# How would I press a transfer onto a silk shirt?



## jjsmalls08 (Jul 31, 2008)

Hello all, I had a customer who asked me if I could put a transfer onto a silk shirt. I told him I believe I could but would have to get back to him on the details and pricing. Is this possible, how would i go about it, and is there a special kind of paper I have to use or can I use standard transfer paper? Please help. Thank you. 
-jjsmalls08


----------



## electrosketch (Mar 21, 2009)

I spent about an hour googling this topic, and if it were me, I would take a pass.

There are specially prepared silk fabrics made for applying transfers to, and there are similar products with release paper precut to load into desktop printers.

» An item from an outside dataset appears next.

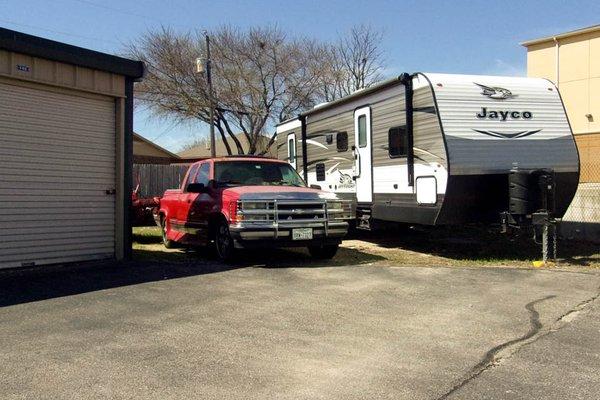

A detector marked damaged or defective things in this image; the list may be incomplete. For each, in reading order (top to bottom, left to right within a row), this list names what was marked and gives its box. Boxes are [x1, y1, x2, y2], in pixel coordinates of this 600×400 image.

crack in asphalt [434, 294, 556, 400]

One link was to someone who has applied for a patent, for a chemical to treat silk before applying a heat transfer so as not to yellow the fabric once heat is applied.

Traditionally, silk is painted and then set with steam or low heat ironing to ensure wash fastness.

Manufacturers use discharge printing to screen print directly onto silk.

I could be wrong, but I think you run the risk of yellowing or otherwise discoloring a silk garment by trying to apply a heat transfer to it.

Even if you were to go with digitally printing the garment, you will still need to learn how to lightly iron or steam set the ink. Unless there is a water based air dry system, idk?


----------